**Your objective**
Every entry below must be repeated exactly; skip the pictures.

++++ Input data

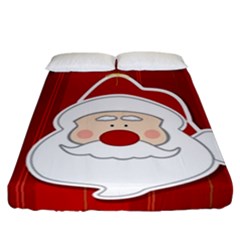 Santa Claus Xmas Christmas Fitted Sheet (california King Size) by Nexatart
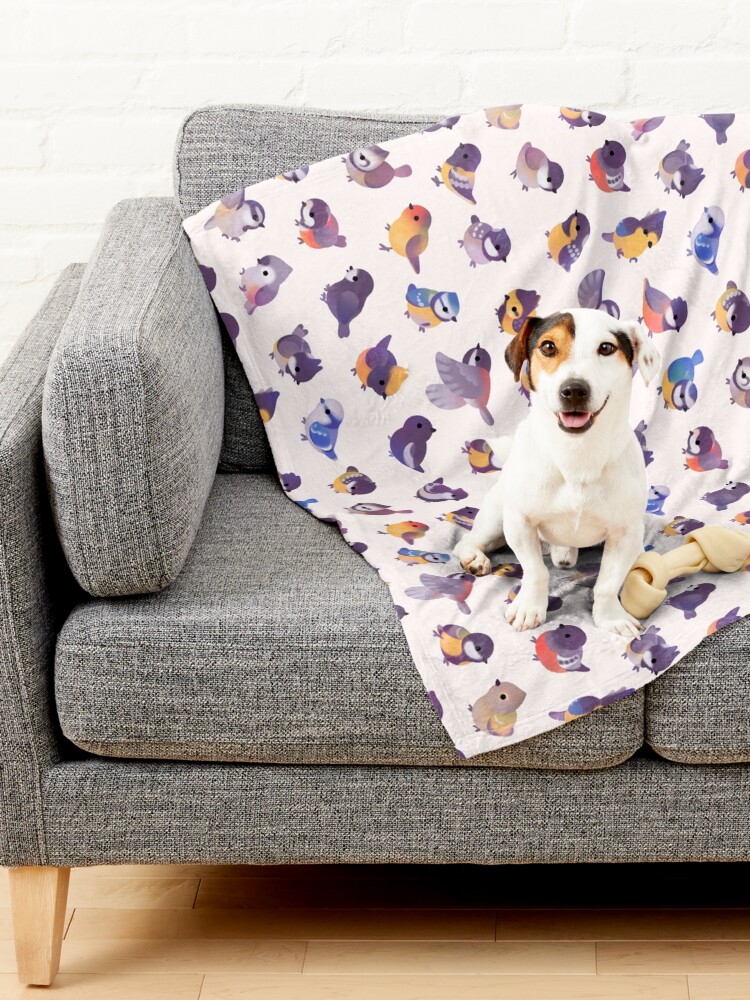 Thumbnail 2 of 6, Pet Blanket, Little bird (Paridae) designed and sold by pikaole.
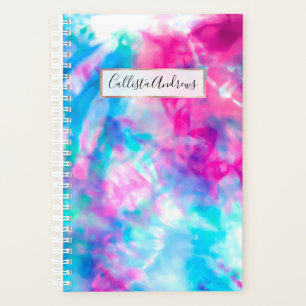 Cool Artsy Girly Purple Rose Blue Tie Dye Motif
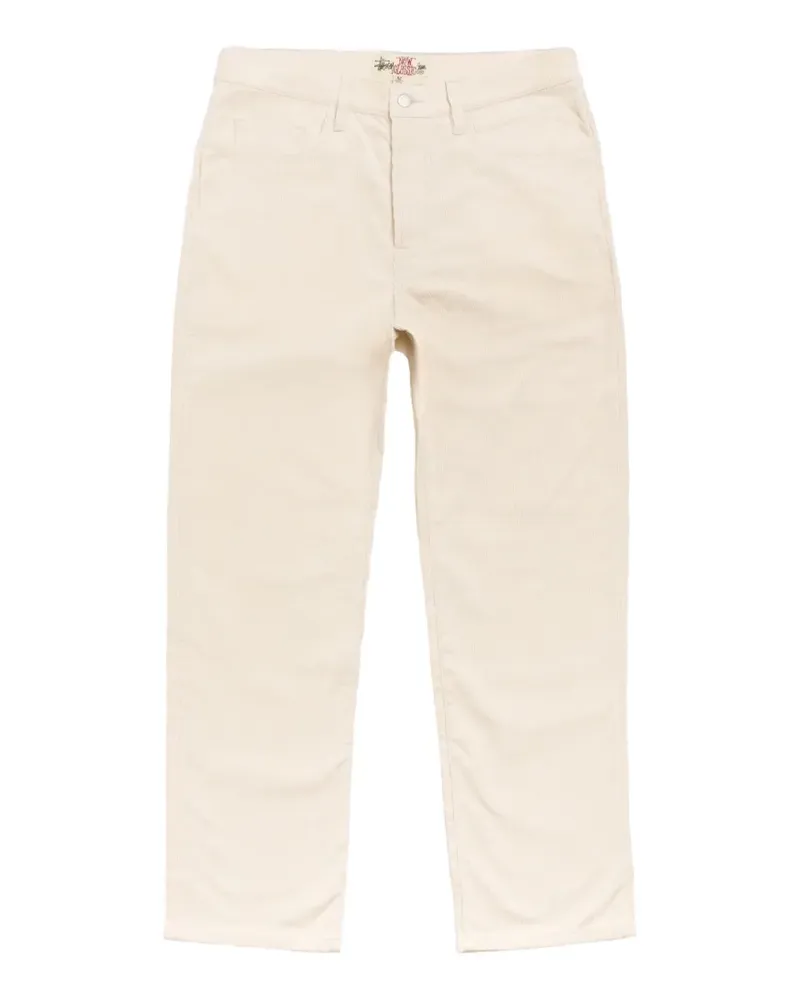 Stüssy Straight-Leg-Jeans aus Cord - Nude Nude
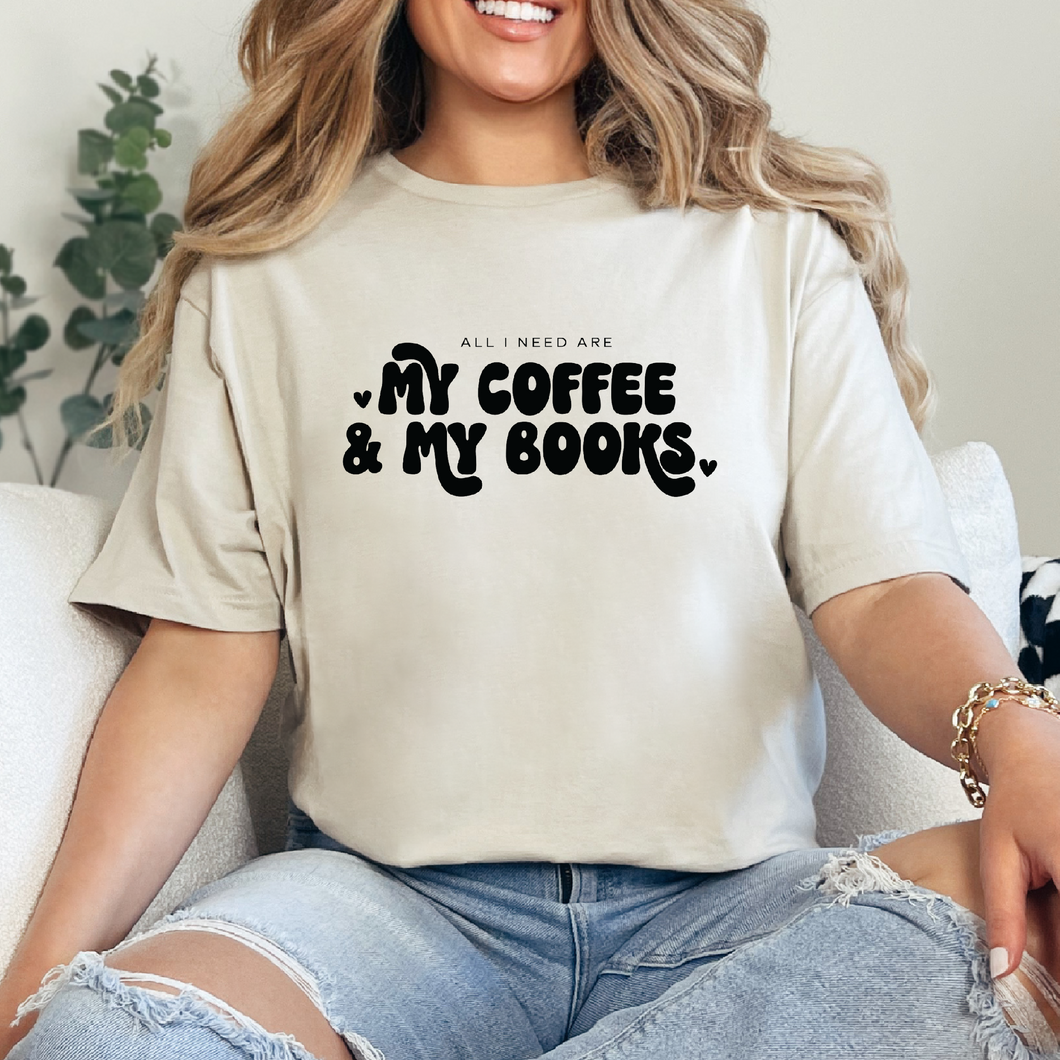 Coffee & Books Playera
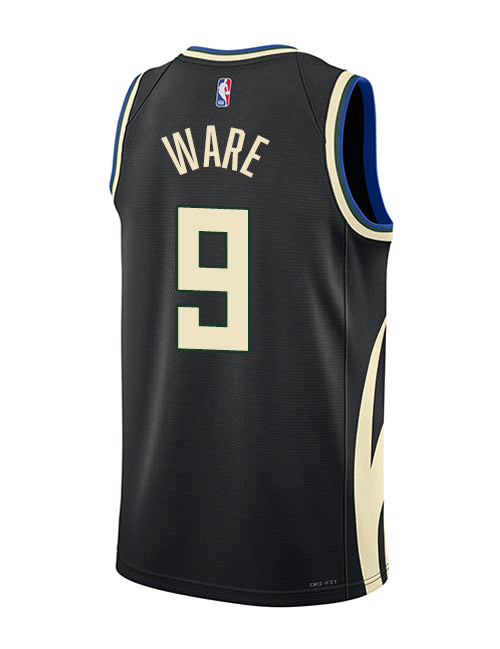 Jordan 2022 Statement Edition Kel'el Ware Milwaukee Bucks Swingman Jersey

++++++++

**Solution to the exercise**
 Santa Claus Xmas Christmas Fitted Sheet (california King Size) by Nexatart
 Thumbnail 2 of 6, Pet Blanket, Little bird (Paridae) designed and sold by pikaole.
 Cool Artsy Girly Purple Rose Blue Tie Dye Motif
 Stüssy Straight-Leg-Jeans aus Cord - Nude Nude
 Coffee & Books Playera
 Jordan 2022 Statement Edition Kel'el Ware Milwaukee Bucks Swingman Jersey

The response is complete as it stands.